Sebold continued trying to write after graduation and moved to New York City, where she lived for ten years. "I worked a lot of different jobs and became a competent New Yorker, which is no small task, and went through a lot of stuff and rediscovered reading on my own and I became more honest to who I was, which matters a lot. I went out a lot. I would go to a lot of readings. I did a lot of things that I'm not particularly proud of and that I can't believe I did," she recalled in a talk she gave at the University of California—Irvine (UCI) as recorded by Ehzra Cue on the UCI Web site. At that talk, Sebold presented climbing to the top of the Manhattan Bridge as an example of something she can't believe she did; in other forums, she has also discussed the three years during which she used heroin while she was living in New York.
Lucky began to take shape in the late 1990s, when Sebold was studying fiction writing at a graduate program at UCI. A ten-page assignment sparked her to write forty pages about the rape. Although none of that writing was itself included in the final book, the experience was the impetus for Sebold to begin doing research and putting her memoir together. She read through old letters and journal entries, the transcripts of her rapist's trial, and even returned to Syracuse and talked to the former assistant district attorney who had helped to prosecute the man, allowing her, even fifteen years after the attack, to tell the story in great detail. The result is "a remarkable personal look at a crime all too common in our out-of-whack society," wrote Toronto Sun reviewer Yvonne Crittenden. Despite her dark subject matter, "Sebold's wit is as powerful as her searing candor," remarked a Publishers Weekly contributor.
Sebold's second book, The Lovely Bones, though a novel, is similarly dark in topic. Its narrator, fourteen-year-old Susie Salmon, is raped and killed by a neighbor at the beginning of the book. She narrates the story of her death—and of her family, her friends, and herself coming to terms with it—in the first person from her omniscient seat in heaven. The Lovely Bones quickly became an international best seller, with translations in over forty languages and American hardcover sales alone of close to three million copies. Less than three months after this book came out, Lucky was issued in paperback, and it also rose to number one on the New York Times best-seller list. This is "Sebold's most dazzling stroke," declared a Publishers Weekly reviewer, as it "provid[es] the warmth of a first-person narration and the freedom of an omniscient one." That omniscience is necessary, since Susie's tale encompasses several different stories: Susie's mother's search to build a new life away from the family after the murder; her father's quest to find the real killer, into which Susie's teenage sister Lindsay is drawn and which puts her at great risk from the same killer; and Susie's vicarious living-out of her own teen and young adult years through Lindsay. "What might play as a sentimental melodrama in the hands of a lesser writer becomes in this volume a keenly observed portrait of familial love and how it endures and changes over time," Michiko Kakutani declared in the New York Times.
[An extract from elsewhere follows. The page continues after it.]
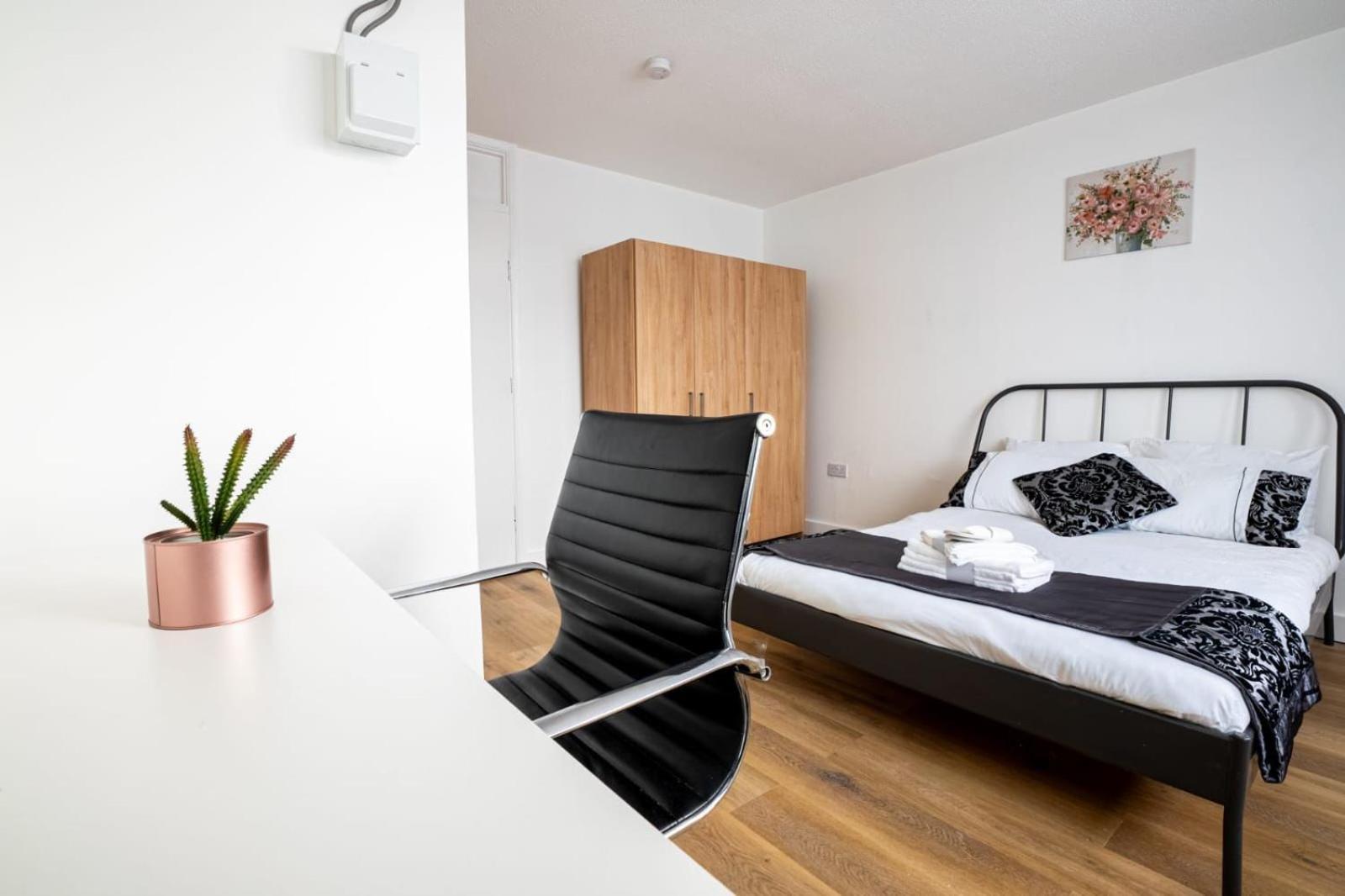 Homestay Docklands Near Excel And Airport 2 Double Ensuites For Up To 4 People London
In an interview with Publishers Weekly, Sebold said that writing The Lovely Bones "was a delight, because I loved my main character so much and I liked being with her. It was like having company. I was motivated to write about violence because I believe it's not unusual. I see it as just a part of life, and I think we get in trouble when we separate people who've experienced it from those who haven't. Though it's a horrible experience, it's not as if violence hasn't affected many of us."
After a five-year hiatus, Sebold's 2007 novel The Almost Moon was published. The book opens with the narrator, the severely depressed forty-nine-year-old Helen Knightly, smothering her eighty-eight-year-old mother, Clair, once a beautiful lingerie model turned into a needy, nasty agoraphobic old woman. After her husband's suicide, Clair, ravaged by dementia, was left in Helen's care. The story unfolds over the next twenty-four hours, vacillating between Helen's past, including her unhappy childhood, married life, and many years as a single woman, and her attempts to come to grips with the brutal act she has just perpetrated, for which she is upset about but unapologetic.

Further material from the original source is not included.